Menschenrechtsverletzungen im toten Winkel der Weltpolitik

Die pauschale Abschiebung afghanischer Geflüchteter ohne Einzelfallprüfung verstößt eklatant gegen internationale Menschenrechtsstandards. Unter ihnen befinden sich tausende ehemalige Angehörige der afghanischen Streitkräfte und Verwaltung der Republik – Gruppen, die nach dem Taliban-Machtantritt gezielt verfolgt, entführt oder getötet wurden.

Der Internationale Strafgerichtshof (ICC) hat kürzlich Haftbefehle gegen Taliban-Chef Hibatullah Akhundzada und Oberrichter Abdul Hakim Haqqani erlassen – wegen Verbrechen gegen die Menschlichkeit durch geschlechtsspezifische und politische Verfolgung. Doch das Regime zeigt sich unbeeindruckt. Afghanistan bleibt das einzige Land der Welt, in dem Frauen weder arbeiten noch zur Schule gehen dürfen. Gleichzeitig verlieren auch Männer durch den wirtschaftlichen Zusammenbruch zunehmend ihre Existenzgrundlage.

Europa auf dem Rückzug

Viele europäische Länder haben ihre Schutzprogramme für gefährdete Afghan*innen stillgelegt.

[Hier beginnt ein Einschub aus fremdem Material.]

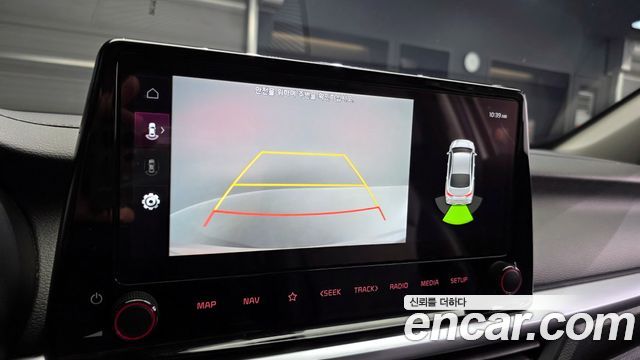 Kia K3 2023 — photo 17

In einem besonders brisanten Fall warten Hunderte afghanische Ortskräfte der Bundeswehr, die aufgrund ihrer Tätigkeit für Deutschland gefährdet sind und eine offizielle Aufnahmezusage erhalten haben, seit über vier Jahren in Pakistan auf ihre Ausreise – ihr Schicksal wurde offenbar in den politischen Gängen Berlins vergessen.

Gleichzeitig beteiligt sich die Bundesregierung an einem UN-Vorstoß zur politischen Annäherung an die Taliban und arbeitet daran, die Rückführung afghanischer Geflüchteter zu erleichtern – ein Schritt, der Deutschlands Ansehen als Verfechter der Menschenrechte gefährden und das repressive Taliban-Regime stärken könnte.